Toutes proportions gardées, il convient dès à présent, alors même que le confinement est actif, d’entamer une réflexion sur la société démocratique que nous souhaitons pour demain. En France, les questions sociétales seront évidemment le grand enjeu de la reconstruction de l’après-Covid, mais les enjeux éthiques et juridiques relatives à la protection de la vie privée ne doivent pas être éludés. Comment penser, en-dehors des situations de crise, des dispositifs de protection collective qui puissent préserver la vie privée et les libertés ?
Les moyens technologiques se révèlent d’une très grande efficacité pour améliorer la connaissance des enjeux sanitaires, anticiper les problèmes de santé publique et développer les mesures de prévention des risques individuels de santé. La tentation est grande de faire entrer dans le droit commun tout un ensemble de mesures comportant un risque pour les libertés privées. L’évolution est déjà en cours.
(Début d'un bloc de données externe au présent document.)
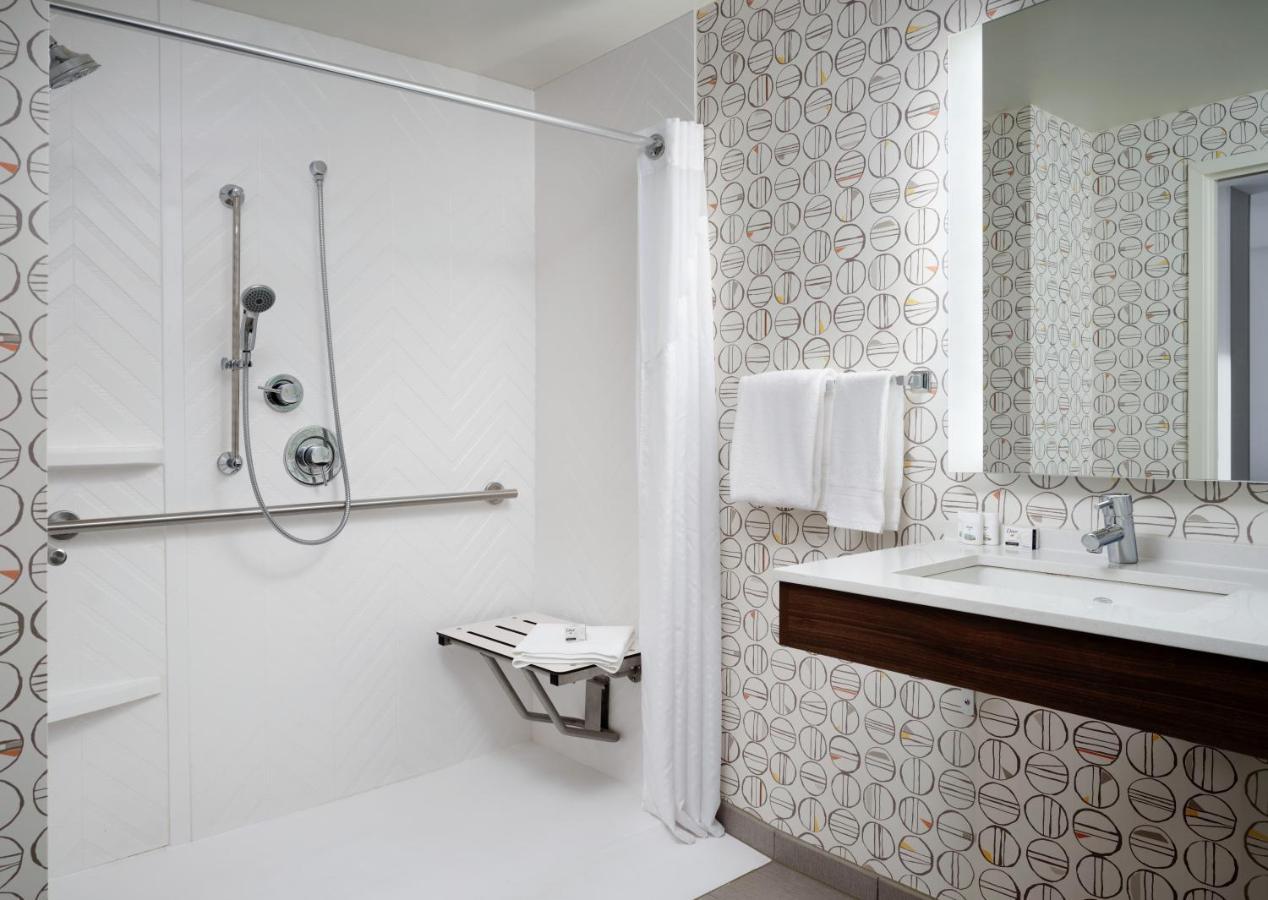 Holiday Inn & Suites Boston Peabody, An Ihg Hotel Esterno foto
`Dans le monde, les autorités sanitaires sont de plus en plus nombreuses à se connecter à des bases de données individuelles. En France, le Régime général de protection des données autorise la collecte et le traitement des données personnelles « pour des motifs d’intérêt public dans le domaine de la santé publique ». Le risque est donc réel que l’usage des données individuelles ne devienne une politique publique ordinaire, transformant la surveillance des risques sanitaires en surveillance des corps individuels, avec tout un ensemble d’informations possibles sur les modes de vie, les choix personnels, les appartenances territoriales où se concentrent tels ou tels types de populations ou de problèmes.
Dans tous les pays, notamment dans les moins regardant sur les libertés, une telle situation peut conduire à la stigmatisation de groupes sociaux et à des mesures individuelles arbitraires. Il n’y a aucune raison pour considérer la France immunisée contre ce risque. Il appartient à la société de se doter des moyens pour que les pratiques de surveillance sanitaire soient encadrées par le droit, proportionnées aux besoins publics, menées de manière transparentes, contrôlées par des autorités indépendantes, soumises à la réflexion éthique, et conformes aux chartes des droits fondamentaux. À ce prix, la protection de la santé publique ne sera pas une restriction de la vie privée. Elle en sera une condition.